Trashy Read 2011 #7: The Windflower, by Laura London
As a serious writer with a major soft spot for historical romance, I often end up feeling a little lonely. But that has all changed, my friends! One of the second-year students in my writing program is herself a romance fan. Not only that, her favorite romance writer is Loretta Chase! I cannot tell you how great it is to know another romance reader, and a pretty awesome one at that. One day, Betsy and I started chatting about our love for the website Smart Bitches, Trashy Books, and Betsy revealed that she had a copy of Laura London's The Windfower, aka one of the most infamous books in the history of trashy romance. She lent it to me, and although it took me a while to get through it because of my school commitments, I finally finished it. And man, it is as enjoyable as promised.
This book is firmly a part of what the Smart Bitches have deemed "old-skool" romance. It's got pirates! It's got an overly-innocent heroine! There are icky near-rapes! Yes, The Windflower is made of slight crazypants, but I was surprised by how much I liked it anyway. When sickly-sweet Merry Wilding gets kidnapped by the crew of the infamous pirate Rand Morgan's ship, she ends up falling into a love/hate relationship with Devon. Devon basically tortures Merry until they are both driven crazy with lust for each other, which has all kinds of yucky overtones. And to be honest, I didn't care much for the hero, the heroine, or their love story. It was awfully infuriating at times.

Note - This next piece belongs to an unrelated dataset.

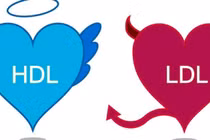 HDL–C trong máu thấp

But you know what makes this book worth reading? A young pirate named Cat. Despite being the mastermind of Merry's kidnapping, Cat turns out to also be her savior. He's a friend when she's most in need. But Cat isn't just sensitive and kind. He's also extremely complicated. His rough childhood of prostitution and want was brought to relief when Rand Morgan hand-picked him to be on his ship. His sexual proclivities remain something of a mystery, but it's obvious his past scars play a continual role in his life. When there's a big reveal about Cat by the end of the book, you aren't sure whether to be happy or sad for him.
I loved Cat so much that all I wanted when I finished this book was to read a sequel all about him and his future. Unfortunately, Laura London (which is actually the pen name of a husband and wife writing team, Tom and Sharon Curtis) never wrote one. And to this I say, "Boo." Because while I found the very purple prose of The Windflower to be distracting from the story itself, I would read Cat's story even if it featured the worst writing in the world. Like seriously, I would read Cat fanfiction, that's how much I wanted more of him.
Up Next in Trashy Reads: I don't have much time for fun reading these days, but when I do, I want something fun. I suspect this means we will see some more trashy reads before the year's end. Especially now that I've found a fellow trash lover.